A poem to... spend the summer in the city

Summers on the beach, in the mountains.

Thomas Osborne
Thomas Osborne
16 July 2022 Saturday 21:10
6 Reads
A poem to... spend the summer in the city

Summers on the beach, in the mountains... or in the city. It can be our own or we can go sightseeing, but what will we look for? What will we find? Even more: who will we be? Because we can be that archetypal male in search of risks, emotions or pleasures of great caliber, who asks for "answers as God intended". Are we perhaps the woman who "was looking for love"? There are only two main lines, in the poem, a man present in the expanse; a woman who in contrast may seem reduced to a single objective, love, but at the same time between love and circumstantial banality there is no possible battle. They will actively seek or simply wish, we don't know, and perhaps there is a time for everything, to ask or to answer, to speak or to listen.

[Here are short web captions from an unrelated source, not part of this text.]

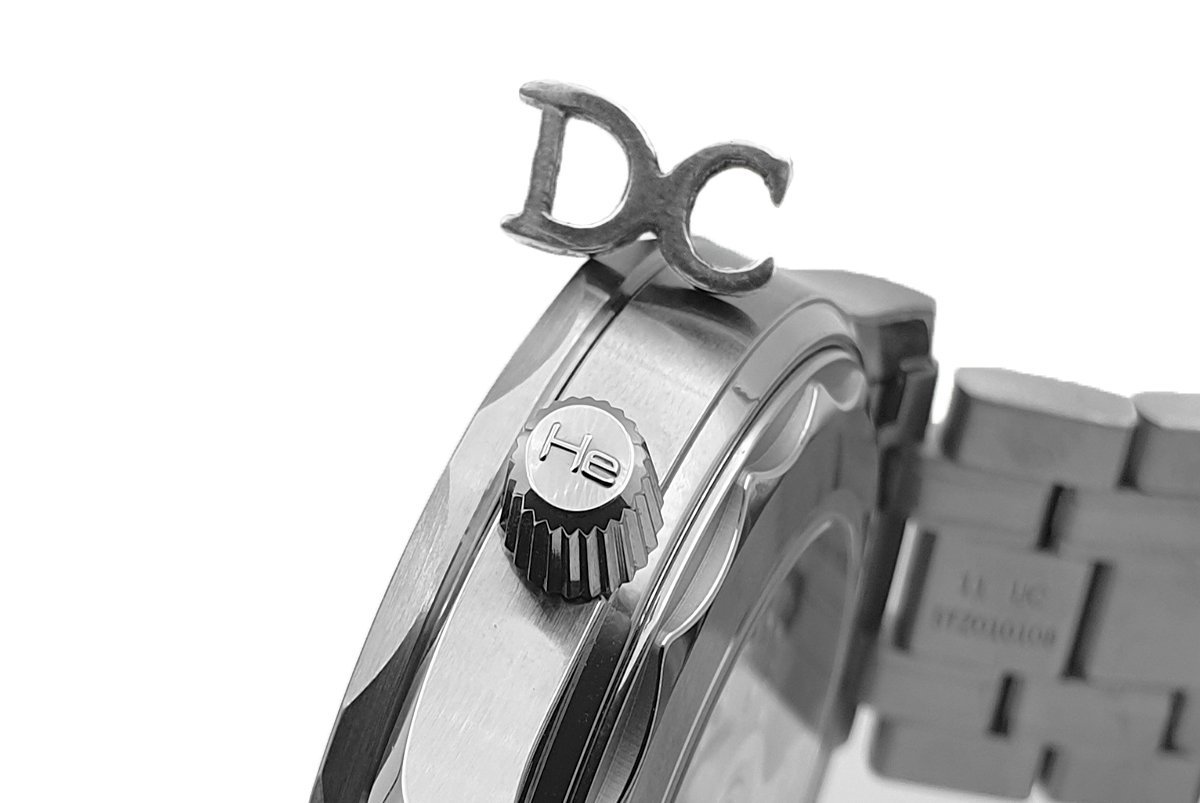 Seamaster Diver 300M Omega Co-Axial Master Chronometer 42mm White Dial with Black Bezel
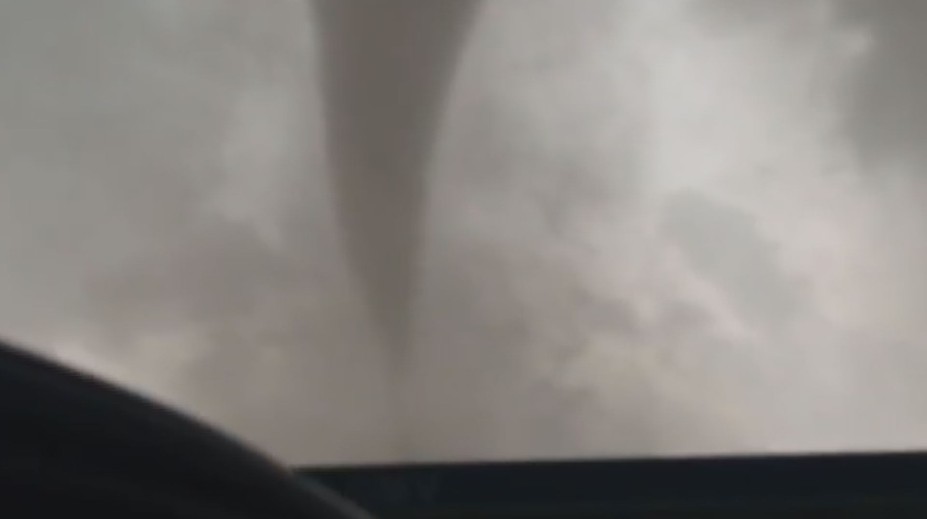 Čechy zaskočilo ničivé tornádo. ČHMÚ shrnul nejdůležitější poznatky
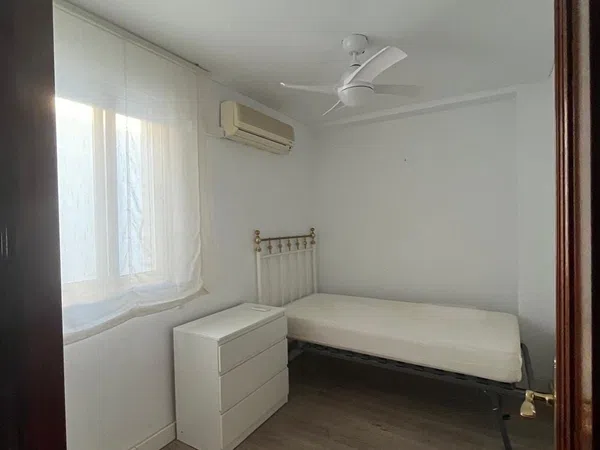 Piso en calle Pintor Velázquez, 3 - Foto 2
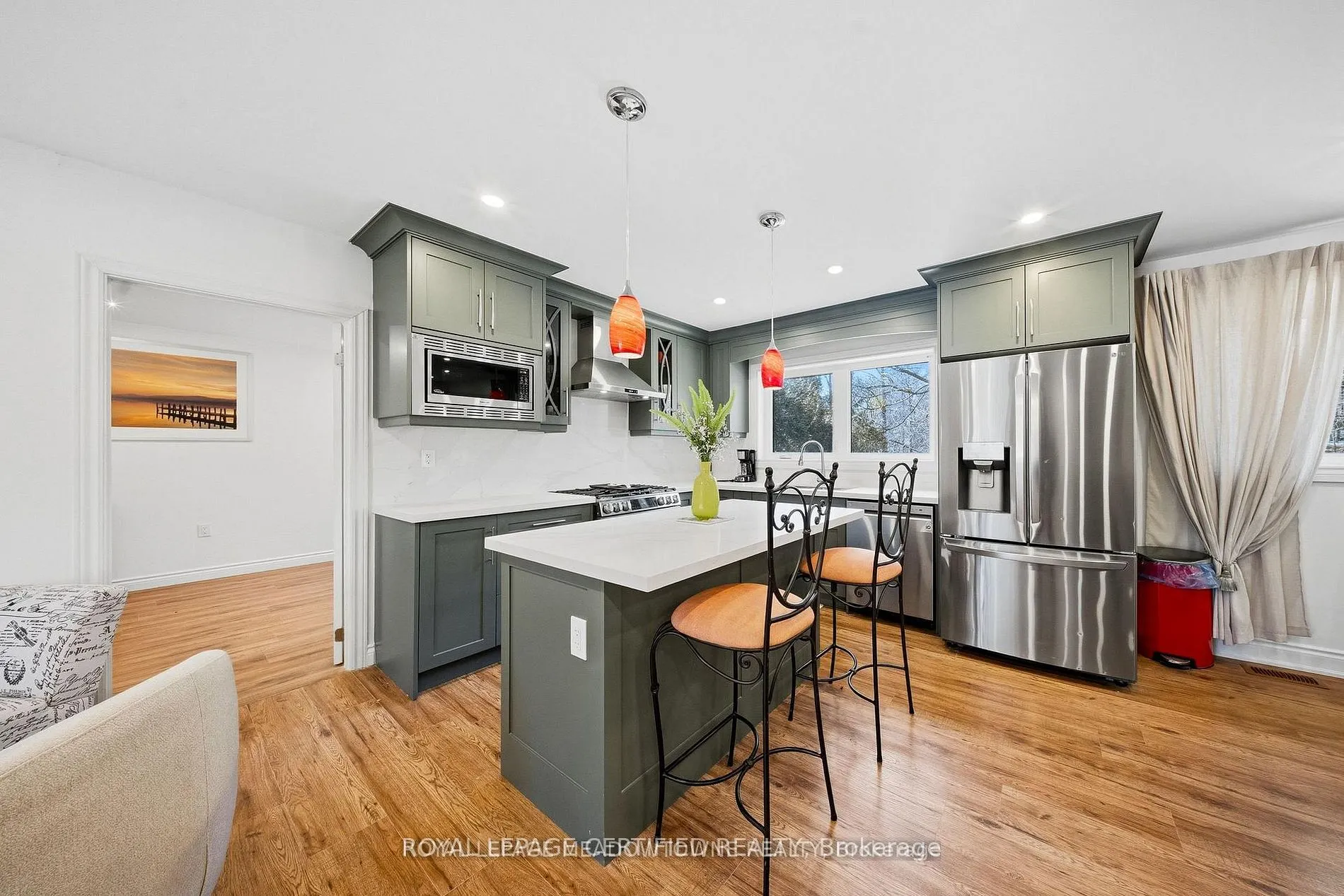 208 Glen Oak Drive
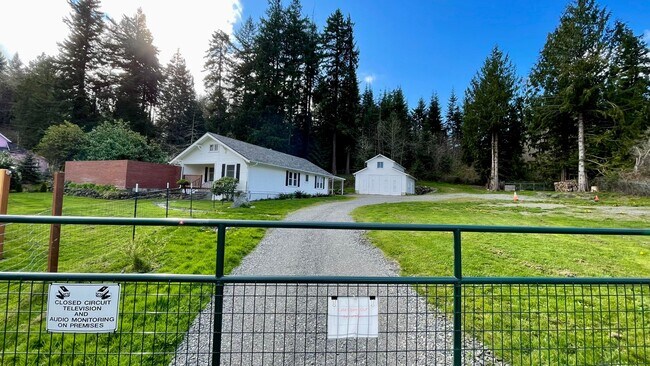 Building Photo - Country Living Home On Over Half An Acre! ...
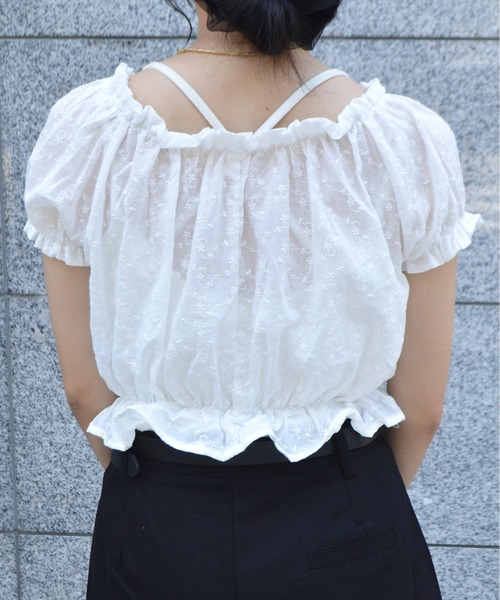 ＆soiree（アンドソワレ）の「2WAYパフスリーブレースブラウス（シャツ/ブラウス・レディース・ブラック/ホワイト・FREE）」の15枚目の写真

We ask the author. He answers and we listen to him.

The poet and journalist Ernest Farrés –and a colleague in the Editorial section of this newspaper– approached the subject through a painting by Edward Hopper, Summer in the city. Well, we have said a painting and we are talking about a poem, but in fact Farrés devoted an entire book to glossing fifty works by the painter, with a title that could not be more explicit: Edward Hopper, which the Vienna publishing house published in 2006, and which has been translated into Italian, German and also English, a task for which the translator, Lawrence Venuti, won the Robert Fagles Award in 2008. The Spanish version of the poem is by Laura Ferrero.

With the book Farrés (Igualada, 1967) “I wanted to explain not only Hopper's artistic world but also life, that is, biographical, and at the same time explain myself”. In other words, using Hopper, he offered a poetic itinerary of his own concerns, reflections or experiences.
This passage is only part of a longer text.